フィニが杖を横に持っている。フィニには、不安になったり怯えたりすると杖を自分に引き寄せる、少女っぽい癖があった。
なのに、その癖が今は出ていない。つまり、本当にオロオロしていないのだ。
でも口では怯えているし、表情もそれっぽい。
イーラは怒った勢いが止まらず、そのまんま聞いてしまった。
「ねぇ、何で嘘つくのよ」
フィニはそう尋ねられると「やだなぁ」と困った素振りを見せる。
「嘘なんかついてないよ。こんな状況でつけると思う? イーラはお父さんに殺されるかもしれないのに」
「何で私『は』? 『私たちは』じゃないの?」
「言葉のあやだよ! それに、ここの構造をよく知ってる。一回来たっきりの僕と違って」
「一回来たっきり? アンタ、ここは死霊魔術師は入れないのはずよね?」
フィニがイーラの薬局を訪ねてきた時、『聖堂は魔導師じゃないと入れない』と言った。もちろん、フィニが誰か他の魔導師を連れて来た可能性もある。だが、魔導師四人揃える必要があるし、死霊魔術師が聖堂に入ったら、きっとタタラが捕まえているはず。

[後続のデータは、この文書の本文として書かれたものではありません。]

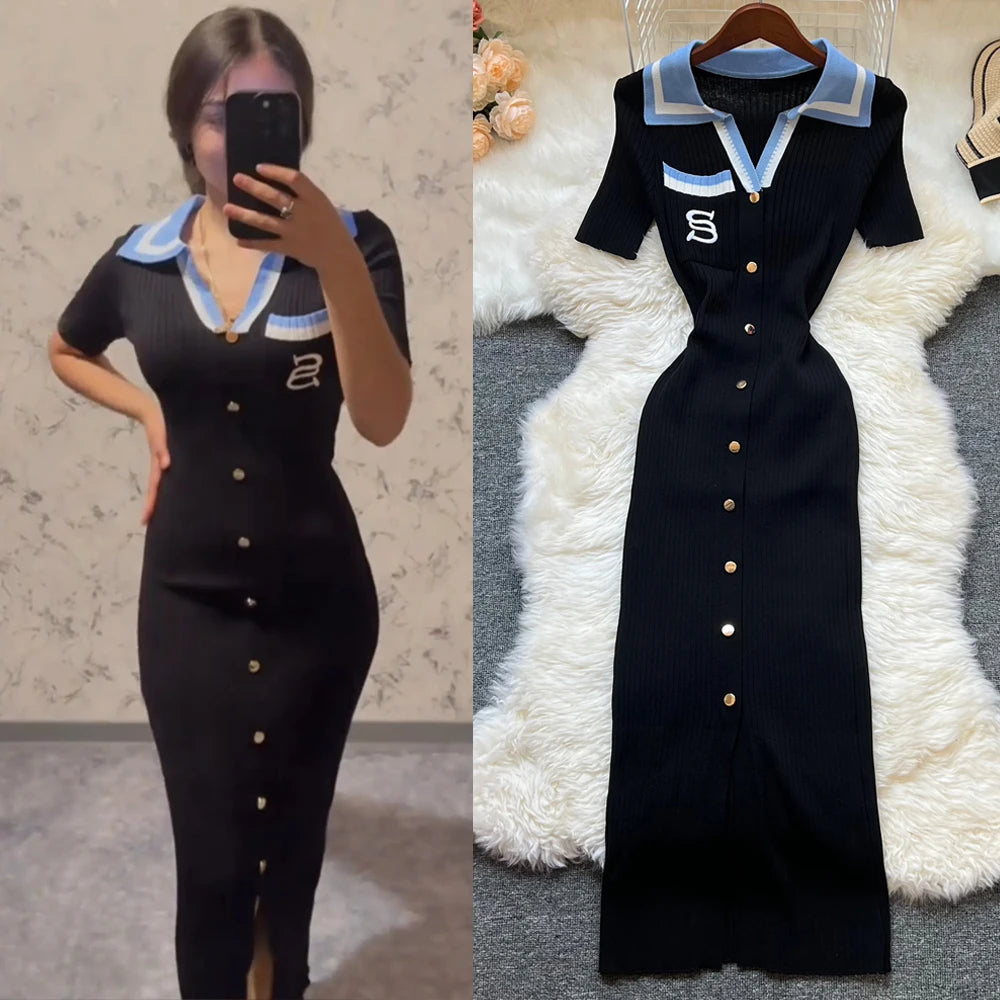 Chic Summer Knitted Dress for Women with Embroidery and Bodycon Fit Long Sweater Dress Streetwear Elegant Lady Vestidos - NIICY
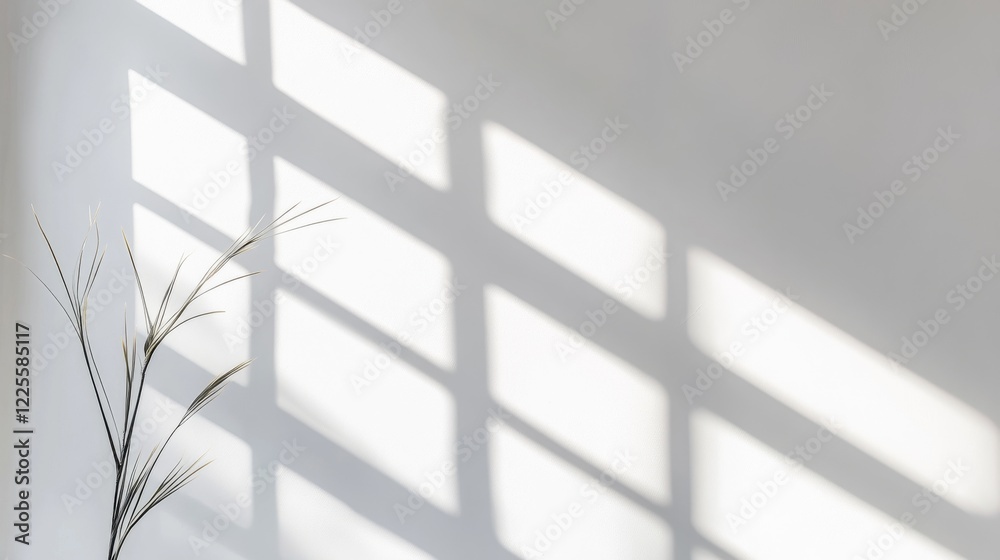 Aufkleber soft sunlight filters through a window, casting delicate shadows on a minimalist wall adorned with g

フィニは苦し紛れに「そ、そんなことより!」と言った。
「あいつは『自分のキズを他人に擦り付ける』固有魔法があるんだよ!? 傷とか負わせたら、僕かイーラ、どっちかが怪我をする──」
「ねぇ、それ何で知ってんの?」
アルバートの固有魔法は、イーラにそっと囁かれた。
イーラだけに聞こえるように。
フィニが知っているわけが無いのだ。聞いていないのだから。
とうとう深く墓穴を掘ったフィニは、イーラによって追い詰められる。
フィニは何とか言い訳をひねり出そうとしたが、何にも出てこなかったらしい。深く息を着くと、「これまでかぁ」とヘラリと笑った。
「ごめんねイーラァ。僕は君と同じ側に立ってないんだよね」
そう言うと、「アルバート」と彼を呼ぶ。
会議室の入口には、アルバートが冷たい笑みを浮かべて立っていた。
イーラはこの時初めて、「ああ、一人なんだ」と知った。